Impact de la réforme du droit des contrats sur les contrats informatiques

L’ordonnance du 10 février 2016 portant réforme du droit des contrats qui entrera en vigueur le 1er octobre prochain impactera nécessairement le domaine des contrats informatiques.

Philippe Glaser, associé Taylor-Wessing

Philippe Glaser, associé Taylor-Wessing France

Ainsi, le devoir d’information précontractuel dont le non-respect est sanctionné par la nullité du contrat contraindra les prestataires à fournir à leurs clients une information sur les éléments déterminants du contrat que ceux-ci peuvent ne pas connaitre.

Ce devoir d’information devra amener le rédacteur d’acte à s’assurer de fournir l’exhaustivité des informations concernant l’objet du contrat et de justifier de la délivrance de cette information.

S’agissant de la validité du contrat, le nouvel article 1143 du Code civil qui concerne l’abus de l’état de dépendance dans lequel se trouve un des cocontractants et qui débouche pour l’autre partie sur un avantage manifestement excessif devrait là encore donner lieu à un contentieux nourri au regard de la position et du poids de certains fournisseurs.

Ainsi conviendra-t-il à l’avenir de veiller à rappeler les concessions consenties ou les avantages recueillis par la partie dite la plus faible pour éviter tout risque de nullité.

 

On retrouve aussi dans l’ordonnance la consécration de la jurisprudence Oracle / Faurecia qui répute non écrite toute clause qui prive de sa substance l’obligation essentielle du débiteur  (telles les clauses de garantie d’éviction, de prescription et plus seulement les clauses limitatives de responsabilité).

Mieux, l’article 1171 répute non écrites toutes les clauses (clause de révision de prix, d’indemnisation, d’ester en justice, etc.) des contrats d’adhésion, nombreux dans le domaine informatique, créant un déséquilibre significatif entre les droits et obligations des parties.

Ainsi, et à titre d’exemple, les contrats cadres, de licence ou les conditions générales de contrats d’hébergement seront concernés.

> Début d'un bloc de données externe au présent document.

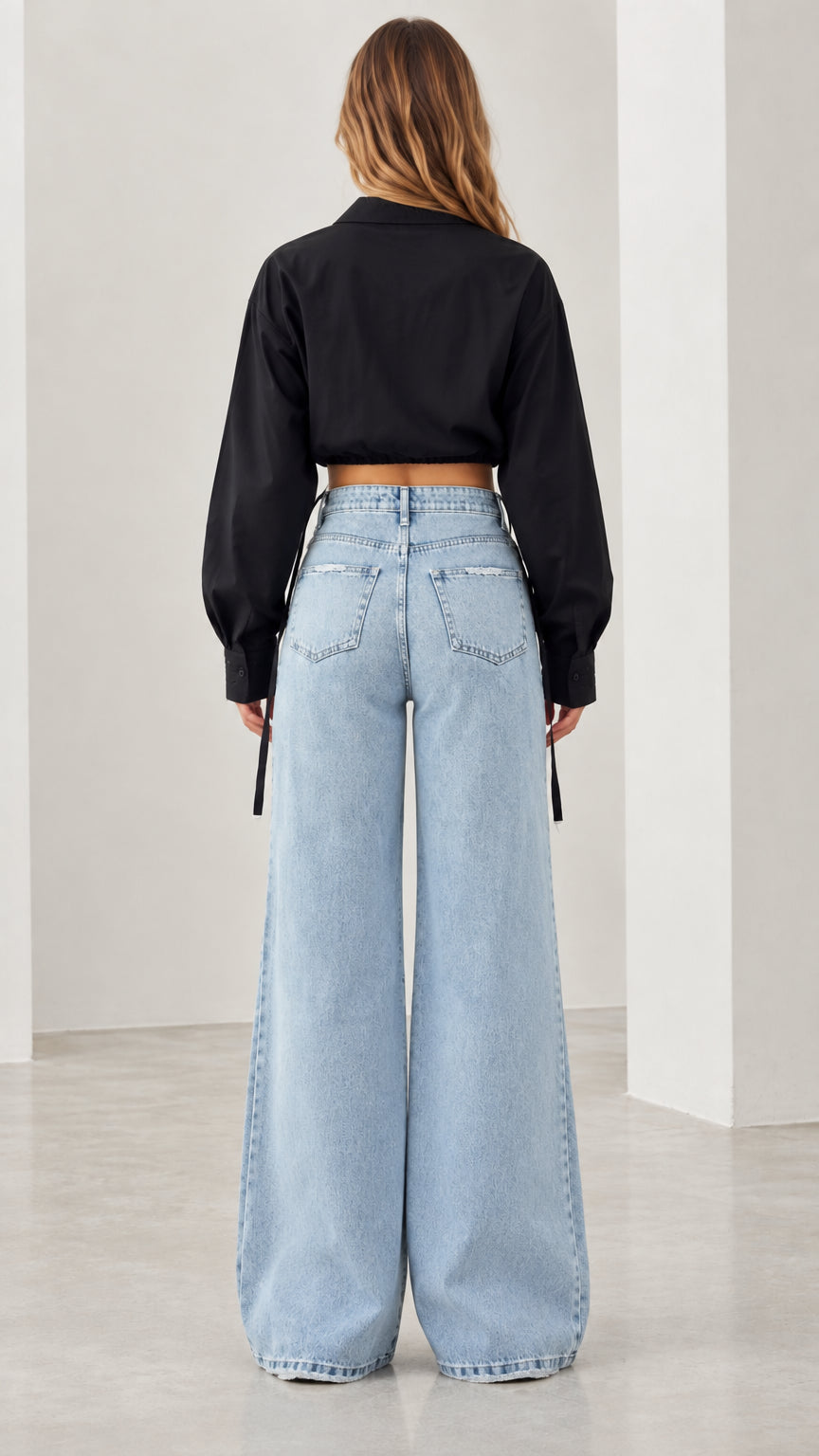 Back view of black long sleeve cropped shirt with wide leg denim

De même, dans les groupes de contrats que l’on retrouve souvent en matière de financement informatique (vente assortie d’une location financière par exemple), l’article 1186 prévoit que la caducité liée à la disparition d’un élément essentiel sera étendue à l’ensemble des contrats lorsque leur exécution est nécessaire à la réalisation d’une même opération (disparition du matériel financé, nullité de la vente…).

 

Particulièrement novateur, le nouvel article 1195 du Code civil permettra, en cas de « changement de circonstances imprévisibles lors de la conclusion du contrat », de demander une renégociation du contrat si son exécution devient excessivement onéreuse pour une partie qui n’avait pas entendu en assurer le risque.

Le juge pourra même intervenir en cas d’échec dans les discussions entre les parties afin de réviser ou de mettre fin au contrat, sauf sans doute pour les contrats au forfait.

La sanction du non-respect d’une obligation des parties est elle aussi impactée par la réforme puisque notamment, le créancier d’une obligation pourra suspendre l’exécution de sa propre obligation lorsqu’il considérera qu’il est manifeste que son cocontractant ne s’exécutera pas à l’échéance.

Autant dire qu’un projet informatique pourra être valablement interrompu si le prestataire considère que son client ne s’exécutera pas à l’échéance.

L’exécution en nature est consacrée et permettra en cas de non-respect d’une obligation par un prestataire de solliciter un autre professionnel pour achever les prestations en cas de refus du débiteur de l’obligation d’agir ainsi.

Le client pourra même décider de lui-même de solliciter une réduction du prix en cas du non-respect par le prestataire de ses obligations et s’il n’a pas encore payé, de réduire lui-même ledit prix, le juge s’assurant a posteriori du bien-fondé d’une telle mesure.

Enfin, l’ordonnance n’a pas omis, dans les cas de résolution, de prévoir les conditions de restitution afin d’éviter les difficultés habituelles où de nombreux livrables ont d’ores et déjà été livrés sans que le fournisseur puisse imputer une partie de ceux-ci sur les sommes qu’il aurait à restituer.

 

On le voit, les changements sont importants et les modalités d’intervention du juge accrues.

Il n’est pas certain que la réforme permette de simplifier le contentieux informatique bien qu’une grande partie de la jurisprudence actuelle a été codifiée à l’occasion de l’ordonnance du 10 février 2016, ordonnance qui devrait être prochainement ratifiée.